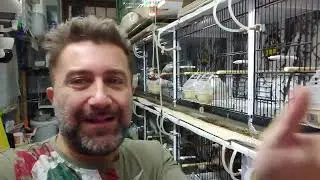 Muta al termine e pulizie fatte !!!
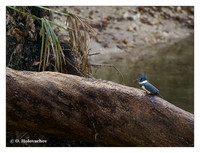 Kingfishers (Alcedinidae)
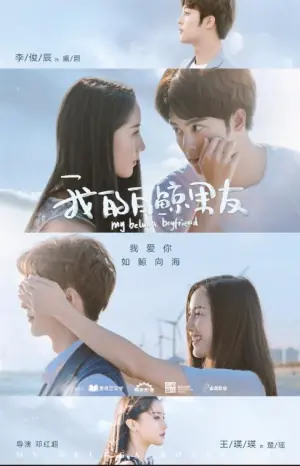 我的白鲸男友海报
_____
Please repeat everything in the data above except the pictures, exactly as it reads.

> _RESPONSE BELOW_:
 Muta al termine e pulizie fatte !!!
 Kingfishers (Alcedinidae)
 我的白鲸男友海报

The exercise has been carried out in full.